Si tratta di far maturare coscienze adulte, desiderose di piacere a Dio in tutto, e pronte a pagare il prezzo della fedeltà a Lui in ogni scelta.
Vorrei concludere con questo passo tratto da “L’’innalzamento’ del figlio fulcro della vita morale” del teologo canadese Réal Tremblay ( PUL - Mursia 2002 ), che mi sembra importante porre a commento del Vangelo di Giovanni che riporta le parole di Gesù: “Quando sarò innalzato da terra attirerò tutti a me” ( Gv 12,32 ): … La nuova evangelizzazione non sarà proprio nuova se non rinunziando a comandare e spaventare l’uomo, preferendo attirarlo e sedurlo.
Per paradossale che ci possa apparire, il punto di partenza di questa ricerca del fondamento ultimo della morale cristiana sarà ciò che si presenta a prima vista come la realtà meno attraente che ci sia: la Croce di Cristo ( Is 53,2-3; Mt 15,33ss; 1 Cor 1,17ss ).
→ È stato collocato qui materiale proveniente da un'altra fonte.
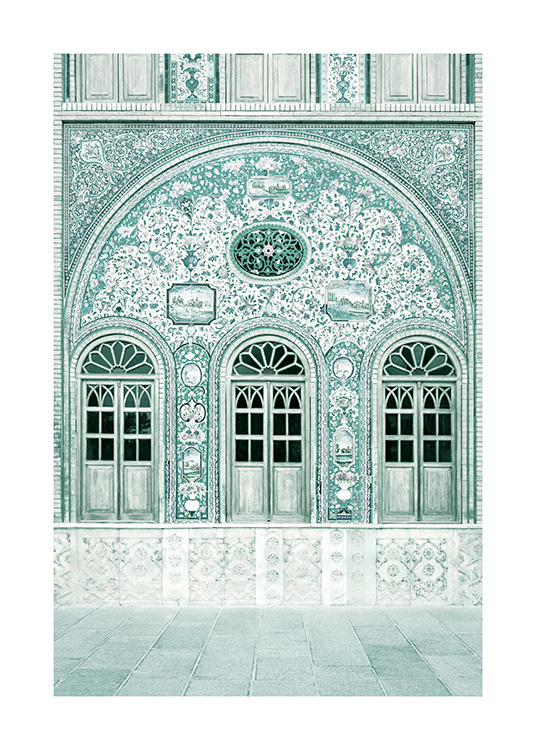 Photographie de la façade en menthe avec le motif de mosaïque et les portes de menthe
La sofferenza ispira il disgusto e l’avversione.
Spirando sulla croce in seguito ai supplizi della flagellazione romana, dell’incoronazione di spine, del portare la croce, Gesù non ha mancato di essere oggetto di tali reazioni.
Del resto, il profeta Isaia l’aveva già annunciate in termini insuperabili: non ha apparenza né bellezza […] disprezzato e reietto dagli uomini, uomo dei dolori che ben conosce il patire, come uno davanti ai quale ci si copre la faccia, era disprezzato e non ne avevamo alcuna stima” ( Is 53,2-3 ).
E tuttavia Giovanni parla, citando il profeta Zaccaria, dello sguardo fissato su colui al quale il soldato colpì il fianco: “Volgeranno lo sguardo a colui che hanno trafitto” ( Gv 19,37; Zc 12,10 ).
Dentro l’infinità di questo mistero la nostra missione quotidiana ha bisogno, proprio perché si rivolge ad un “mondo primo” ricco di cultura speculativa ma certamente approfondita e provata, di grandissimo impegno nel tentare di trasformare la nostra cultura personale in comprensione sia attraverso la sperimentazione del pensare e del dire sia nello studio continuo delle reazioni conseguenti al nostro comportamento, che deve essere sempre una novità in rapporto agli standard che ci avviluppano, convinti in questo che l’impossibile - possibile ci attende.
Acquisiamo o scopriamo la necessaria, indispensabile, onestà intellettuale o almeno riconosciamo la nostra disonestà per non bruciarci la coscienza.
La persona umana lo impone per affermare e non solo sbandierare la propria dignità.
I pezzi di persona, a volte evidentemente muscolari, a volte espressamente intellettivi, a volte apertamente sessuati, che incontriamo hanno bisogno di noi, per scoprirsi ancora pronti a vivere e non a sopravvivere.
La differenza sta proprio nel fine che ci poniamo, senza rinunciare a scoprirlo nel doveroso incontro con la storia delle vite che troviamo raccontata, ...magari partendo dalle “Confessioni” di Sant’Agostino, che 1600 anni fa ci guardava e ne soffriva.